With a great name, too! Huzzah!

Creeeeeeepy.

As if Josh's King of Peace post wasn't great enough, he threw in a link to the Real Doll website.
Oh the Real Dolls. I hadn't visited the site since college, when I would constantly change BG's computer wallpaper to pictures of weird-ass Real Dolls. In the three or four years since... they have gone off the deep end. You want an example? Well, let me introduce you to Anna Mae. Enjoy:

More proof of the left's hatred of God.

I can't believe that this made the NYT op-ed page, but I like it. (I'm sure Hannity, O'Reilly, Sully et al can believe it and will harp on it blah blah blah).

Best of the bunch:

YAHWEH SCHMO (SPIKE) In this first-ever 'divine reality' show, a group of actors seeks to fool the Omnipotent Lord of Creation (currently being 'retooled').

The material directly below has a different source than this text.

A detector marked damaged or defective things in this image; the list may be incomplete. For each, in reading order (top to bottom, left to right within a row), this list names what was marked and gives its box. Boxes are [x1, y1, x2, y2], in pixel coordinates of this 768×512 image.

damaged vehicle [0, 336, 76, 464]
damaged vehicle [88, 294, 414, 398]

Goodbye to the DUMB section...

PL breaks some sad news.

Manohla!

Tim's got a link to Niki Finke's LA Weekly story on Manohla Dargis replacing Elvis Mitchell at the NYT. If this is true (and Niki usually has this shit down), it's great news. Manohla's writing is consistently smart and entertaining. Dave Poland must be pissed.

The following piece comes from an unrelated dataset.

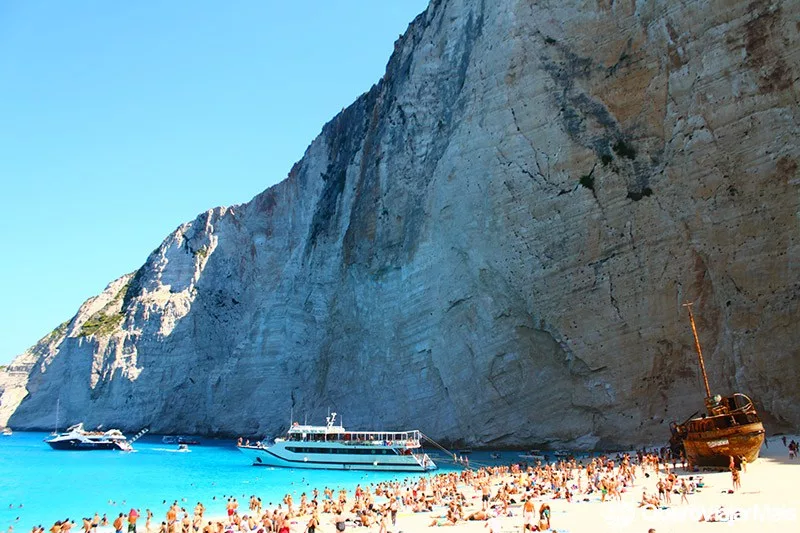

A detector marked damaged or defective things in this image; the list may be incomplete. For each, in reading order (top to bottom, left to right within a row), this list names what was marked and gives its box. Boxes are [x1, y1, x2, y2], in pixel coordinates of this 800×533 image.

UPDATE: Yeah, so clearly Dave is grumpy. Herer's the headline that ran at moviecitynews.com:
"Manohla Dargis Heading From The LA Times To The NY Times As More A Columnist Than A Critic... Which Is Just About Perfect."
Yes the Finke piece did say that they loved her columns and that was a huge plus. But there's something smug about the phrasing, methinks. Manohla's "columns" are typical newspaper columns. They're more like the long-form essays that one would find in Sight & Sound or Film Comment. Among her most famous "columns" was one in which she slammed the relentless nostalgia/hyperbole for 1970s filmmaking. It didn't go over well and brought out the ire of, among others, Peter Bart who sniped "I don't remember seeing you around in the '70s" or some other equally irrelevant statement.

Urbane = gay.

A funny/awkward interview with Stephin Merrit that covers Cole Porter, Judy Collins and what the word urbane really means. (For a hint, see the the title of this post.)

Moving on(.org).

Josh, ever the literalist, took my snarky pseudo-Oprah terminology and ran with it. Whatevs.

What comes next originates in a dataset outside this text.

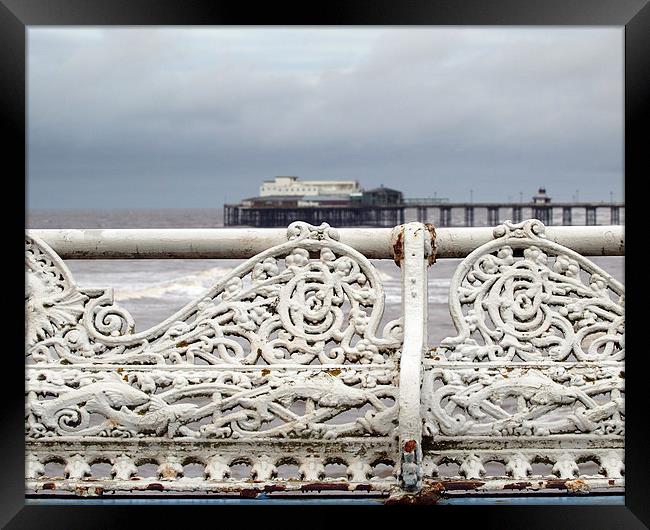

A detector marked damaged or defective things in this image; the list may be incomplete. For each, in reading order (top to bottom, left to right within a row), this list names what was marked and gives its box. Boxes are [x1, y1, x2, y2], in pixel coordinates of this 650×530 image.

rust stain [422, 222, 438, 264]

The point is: whether we like it or not (and whether we discuss him or not) at this moment in time, Michael Moore is very much relevant. He is the most talked about filmmaker of the moment with the most-discussed film of the moment. (Again: thanks be to Shiva for the end of The Passion discourse.) Plus he is viewed by many to be an important voice in the political realm. Add in essays and op-ed pieces weighing in on the movie/hype from nearly every columnist, writer and/or thinker that I read regularly... and, well, that's a lot of blog fodder. With that equation it would be silly for me to ignore it and not post on it at length.

Unlike Pier's herpes, this shit is almost out of my system.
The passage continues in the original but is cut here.